■ Exercise goal: Copy the lines below exactly. No picture goes into the copy.

■ Given data:

+===+

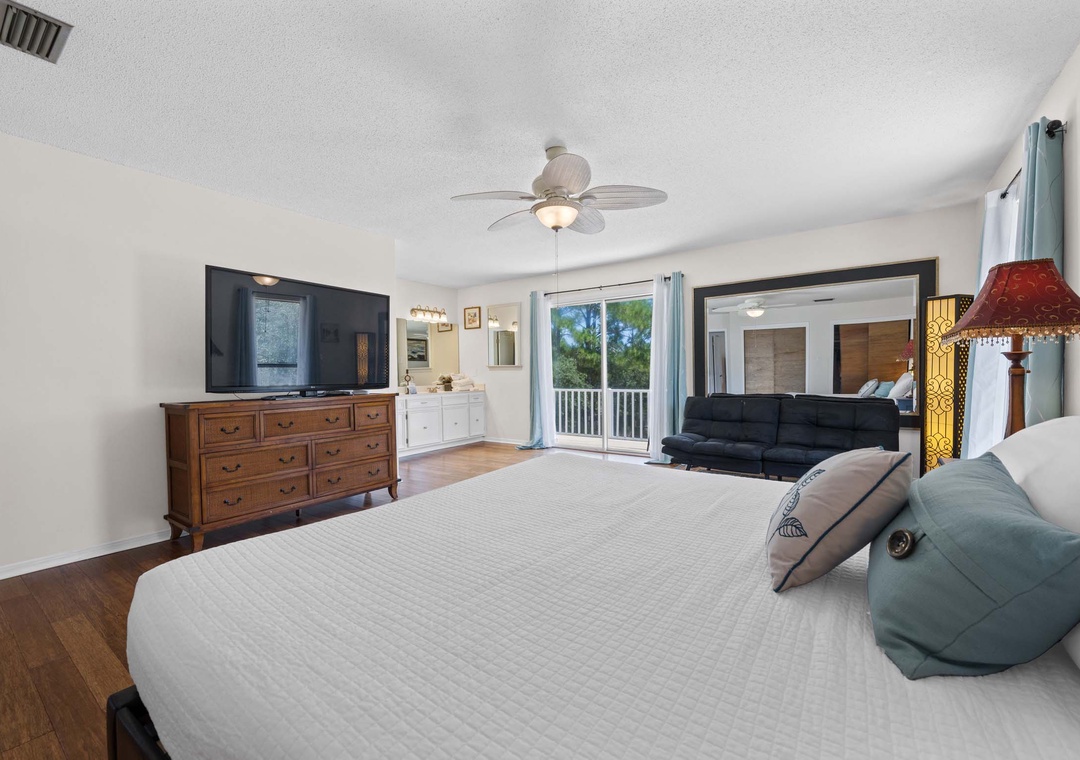 Wind down with your favorite show on the large TV in the primary suite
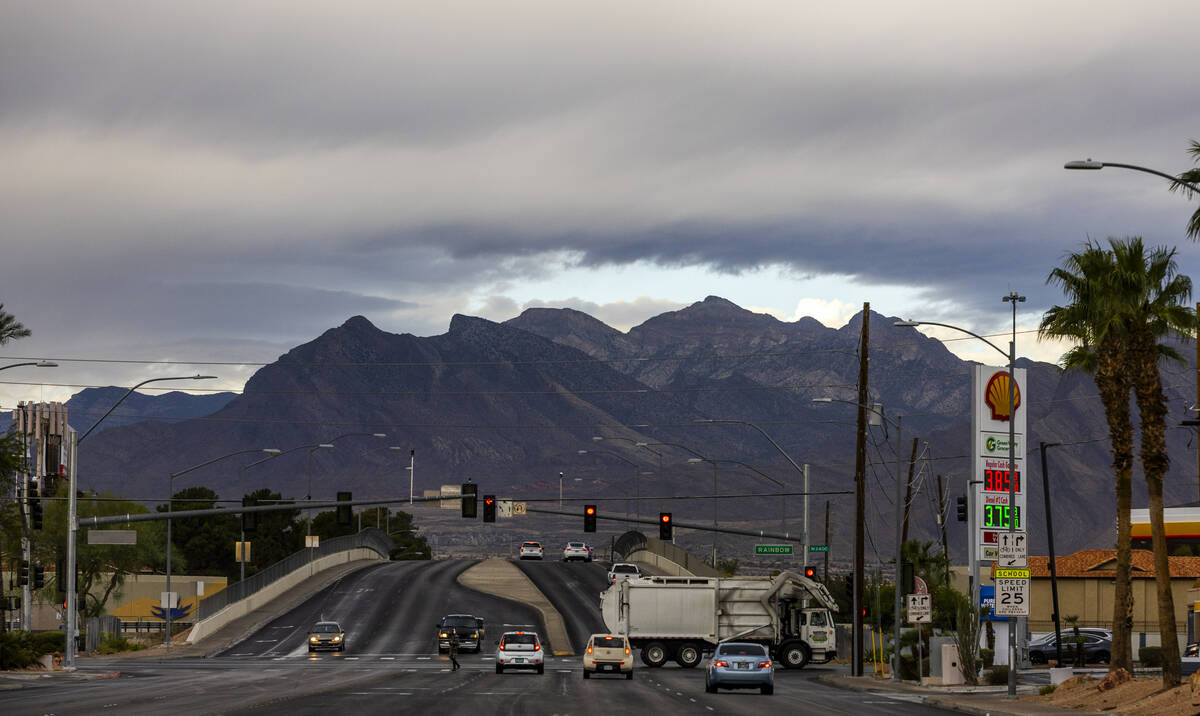 Clouds hug the mountains above the Red Rock Conservation Area as rain moves through the area on ...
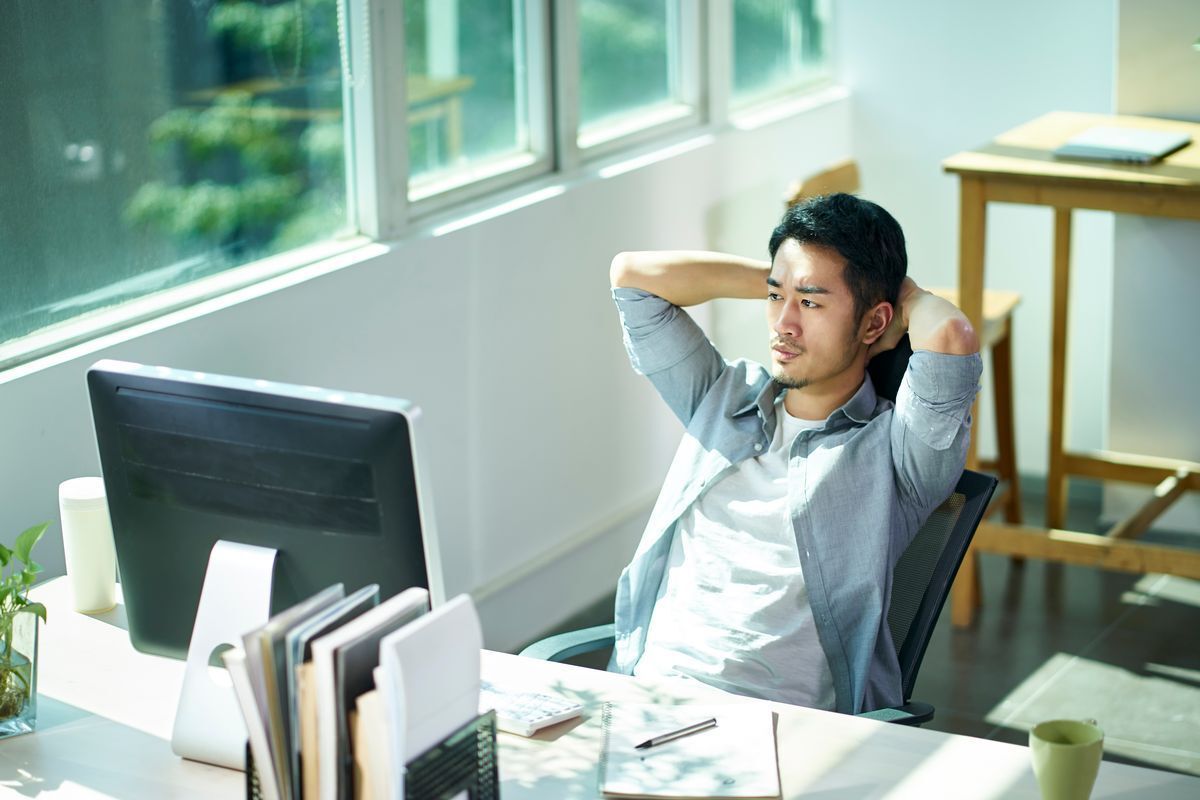 A man sitting at a desk while deep in thought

+===+

■ Output of the exercise:
 Wind down with your favorite show on the large TV in the primary suite
 Clouds hug the mountains above the Red Rock Conservation Area as rain moves through the area on ...
 A man sitting at a desk while deep in thought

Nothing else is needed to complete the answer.